Förderverein berichtet über Kirchensanierung

LÖHSTEN Genau 10 169 Euro hatte Brandenburgs Finanzminister Christian Görke (Linke) am Donnerstag im Gepäck, als er den Kirchenförderverein in Löhsten besuchte. Das Geld kommt aus Lottomitteln und soll für die Sanierung der mehr als 200 Jahre alten Orgel in der kleinen Fachwerkkirche eingesetzt werden.

Die Löhstener haben Christian Görke in ihre Mitte genommen.
Foto: ru

Der Vereinsvorsitzende Bernhard Richter, weitere Vereinsmitglieder, Pfarrer Martin Miech und Ortsvorsteherin Annelies Meißner begrüßten den Gast herzlich. Die Löhstener berichteten von der Sanierung ihrer Kirche, von Projekten mit Jugendlichen und vom Bemühen, das Geld für die Orgel etwa 45 0000 Euro werden benötigt zusammenzubekommen. Mit dabei war auch Paul-Maximilian Schmidt, der vor zehn Jahren als erster in dem neuen Taufbecken der Löhstener Kirche getauft wurde. Er erlernt das Klavierspiel und möchte auch gern einmal die Orgel spielen.
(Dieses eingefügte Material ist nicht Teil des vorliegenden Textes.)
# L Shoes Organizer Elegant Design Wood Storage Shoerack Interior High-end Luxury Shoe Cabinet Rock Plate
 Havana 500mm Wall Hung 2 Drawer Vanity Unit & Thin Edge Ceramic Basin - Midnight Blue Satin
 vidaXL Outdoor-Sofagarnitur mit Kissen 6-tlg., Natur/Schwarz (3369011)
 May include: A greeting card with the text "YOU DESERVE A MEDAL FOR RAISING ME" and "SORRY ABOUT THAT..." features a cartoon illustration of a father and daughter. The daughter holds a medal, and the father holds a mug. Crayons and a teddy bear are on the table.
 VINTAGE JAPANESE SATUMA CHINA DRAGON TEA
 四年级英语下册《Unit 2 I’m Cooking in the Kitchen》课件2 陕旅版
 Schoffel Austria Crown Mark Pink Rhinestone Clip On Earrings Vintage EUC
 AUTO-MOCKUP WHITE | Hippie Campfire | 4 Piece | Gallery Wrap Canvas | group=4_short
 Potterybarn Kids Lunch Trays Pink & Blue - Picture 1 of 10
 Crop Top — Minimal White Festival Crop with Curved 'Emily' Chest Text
Görke, der in seinem "richtigen" Beruf Historiker ist, hörte bei den Ausflügen in die Regionalgeschichte interessiert zu. "Das hier ist ein Wohlfühltermin. Zur Einweihung der Orgel komme ich wieder", meinte er.

Jetzt fehlen noch etwa 10 000 Euro für die Orgelsanierung. Die Löhstener sind optimistisch. 16 Förderanträge laufen noch.